July 12, 2007 seemed to be an unremarkable day here in Sacramento. It was a Thursday with a pleasant un-summer-like high temperature of 85 degrees. The budget was almost two weeks late, though that certainly wasn't surprising.
But that day now stands as a milestone for the long crisis in California's governance: it was the last time the Golden State had "real"... not borrowed... cash on hand to pay its bills. Ever since, finance officials have scrounged for money to keep the wheels turning -- a process that's expected to continue in 2010.
Sure, the state has received tens of billions of dollars in tax revenues since July 12, 2007 -- money that's ostensibly "real" -- but those dollars have been fulfilling all the previous obligations created to either internal funds that were borrowed against, Wall Street investors, or both.
Today, state finance officials are chatting with representatives of the various credit rating agencies to explain Governor Schwarzenegger's new budget plan.

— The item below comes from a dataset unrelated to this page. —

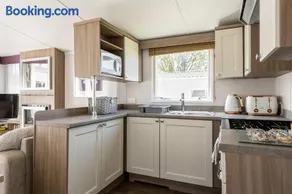 Hotel du Van - Rockley Park Caravan, Activities On-site - Image 5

Those conversations, coupled with a recent debate over the state's ability to pay back all of its borrowing, prompted an unusual joint press statement this morning from California's top three financial officials -- Controller John Chiang, Treasurer Bill Lockyer, and Department of Finance Director Ana Matasantos.
"Our three offices will continue to work together to ensure California has sufficient cash resources to meet its Constitutional and legal obligations," it reads, in part. (The full statement is here.)
Even so, the cash problems of the state government have become almost a way of life. And as everyone remembers, those problems really hit rock bottom last summer.
That's when California was forced to issue 449, 241 registered warrants... more than $2.6 billion in IOUs in all.
"One year ago, California faced a double whammy," said Jason Dickerson of the Legislative Analyst's Office in an interview for a short radio story of mine last week. That double whammy was the state's steep drop in tax revenues combined with the global credit crunch that, for a time, totally froze the state government's ability to borrow operating cash.
Ultimately, the state made its way through the crisis, borrowing $8.8 billion from Wall Street once the markets improved, a lot of cash from internal sources (which, for a time, meant no money for many infrastructure projects across the state), and issuing IOUs.
This year, things look better... but still not great. For starters, there are concerns about what happens in March. Schwarzenegger's proposed budget projects that's when the state's cash reserves will dip down to $1.7 billion -- below the preferred cash "cushion" of $2.5 billion in any given month. As a result, the budget includes a placeholder of $1 billion in cash solutions that need to be worked out with the Legislature, the Controller's office, and others.
The LAO's Dickerson says more troublesome, though, is the projection of another cash deficit come July... a monthly shortfall of almost $7.8 billion according to the governor's budget.
"If the Legislature and the Governor do not agree to a balanced budget solution that investors can understand and believe in by early summer," said Dickerson, "it may be difficult for the state to borrow the funds it needs in early summer to keep paying its bills on time."
Translation: Ye Olde Budget Stalemate is going to hurt in 2010.
Back to the historical nature of this ongoing cash problem, here's a factoid that's hard to believe but true, according to last week's monthly cash report from the Controller's office: on New Year's Eve, the state of California was technically $24.8 billion short on cash -- a number that represents the total shortfall, accumulated through the years, to date.
The only reason we weren't in trouble was because we had borrowed money, $16 billion of internal borrowing and the $8.8 billion in revenue anticipation notes (RANs) from Wall Street in 2009. And when did we start running that tab?
That would be that seemingly normal day in July, more than two years ago.